18 rules of complex system failure
This list below was on ZDnet and is a cut and paste job from this Brief Paper "How Complex Systems Fail" by Richard I. Cook. I suggest reading Normal Accidents if this field of extreme risk interests you.
In finance complex failure at the largest level is called systemic risk and it is what we are currently facing.
How many items below relate to a recent failure or proposed solution? (real estate, CDS and AIG, US DEBT bubble, stimulus...) the comments in parenthesis are my opinions. My own solution is a lo-fi finance approach.
1. Complex systems are intrinsically hazardous systems. The frequency of hazard exposure can sometimes be changed but the processes involved in the system are themselves intrinsically and irreducibly hazardous. It is the presence of these hazards that drives the creation of defenses against hazard that characterize these systems.
(Finance is nothing more than risk allocation).
Especially in the context of inflation-adjusted capital preservation.
2. Complex systems are heavily and successfully defended against failure. The high consequences of failure lead over time to the construction of multiple layers of defense against failure. The effect of these measures is to provide a series of shields that normally divert operations away from accidents.
(robust checks and balances need to be in place at all levels. Innovation is frequently a form of subverting these for the sake of efficiencies (capital, tax or otherwise). Risk eventually shows up.
We have recently witnessed the largest mobilisation and deployment of government resources in history dealing with the GFC (global financial crisis) system failure. Were the prevailing defences enough? Clearly no. Are the defences put in place over the last year enough to prevent another GFC or the current one turning into something worse? The Austrian School argues not - summed up nicely last week in The Man Who Predicted the Depression by the WSJ.
3. Catastrophe requires multiple failures - single point failures are not enough. Overt catastrophic failure occurs when small, apparently innocuous failures join to create opportunity for a systemic accident. Each of these small failures is necessary to cause catastrophe but only the combination is sufficient to permit failure.
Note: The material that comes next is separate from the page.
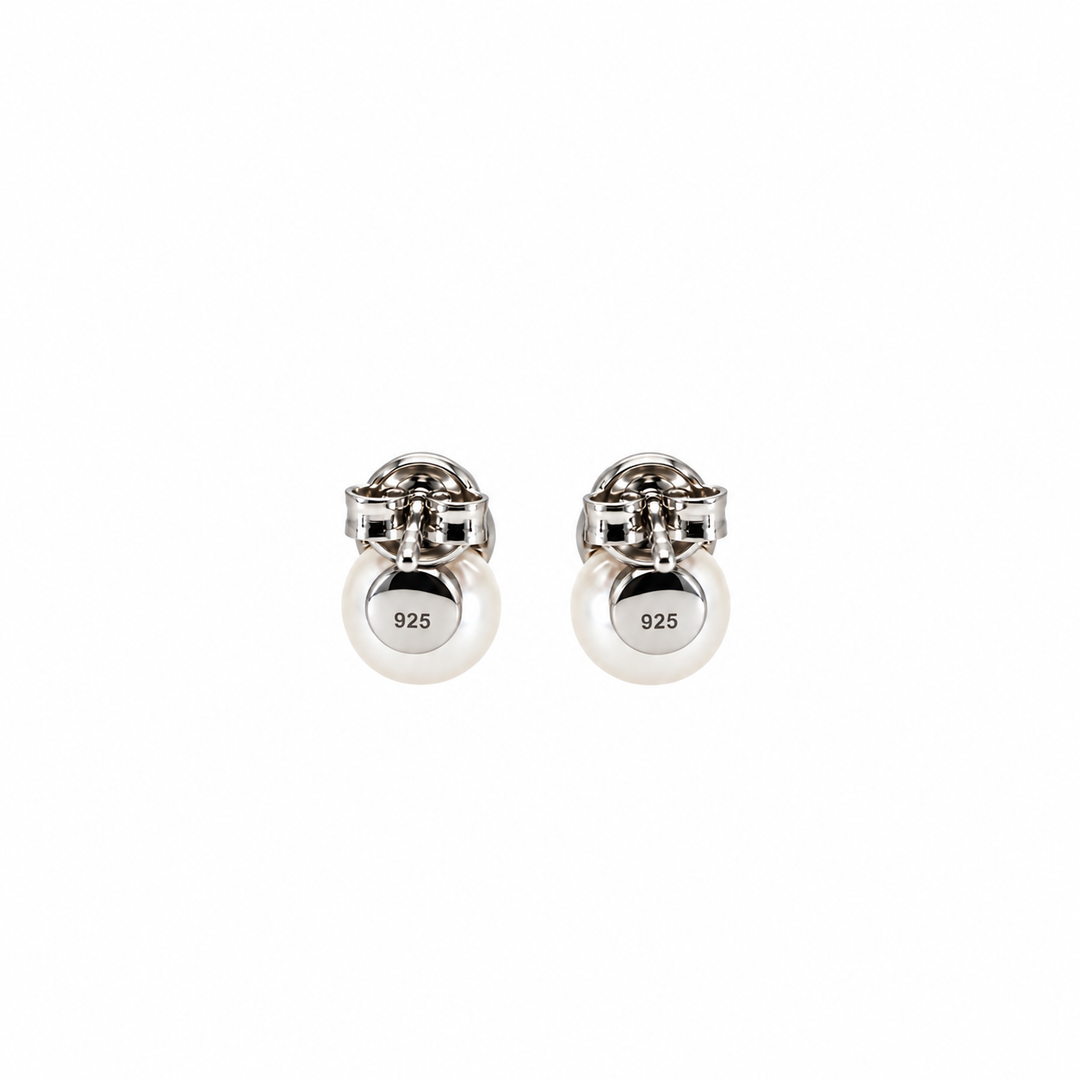 Pearl and  0.13 Ctw Lab Grown Diamond Earring in 925 Platinum Plated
(The media reflecting audience desire seeks to identify point failures. There is rarely just a bad guy or broken part. )
Indeed, and risk usually doesn't take the form of a linear process. And as it's now generally accepted, nor does probability (which supposedly measures risk as opposed to uncertainty) adhere to a bell-shaped distribution. Even one with fat tails. Reality has proved far less formulaically prosaic than this. Nassim Taleb's Black Swan theory, which illustrates this, has (rightly so) received much publicity in the last year. But he's not the only one who has proved prescient in identifying our restricted view of risk - not forgetting that risk is not only of the semi-variance kind - multi-sigma events go both ways. Four other theories that take an unconventional view of risk and reinforce point 3. are Munger's Lollapalooza Effect, Soros' Reflexivity, Frederic Bastiat's What is Seen & What is Not Seen, and of course Mandelbrot's fractal view of risk.
4. Complex systems contain changing mixtures of failures latent within them. The complexity of these systems makes it impossible for them to run without multiple flaws being present. Because these are individually insufficient to cause failure they are regarded as minor factors during operations.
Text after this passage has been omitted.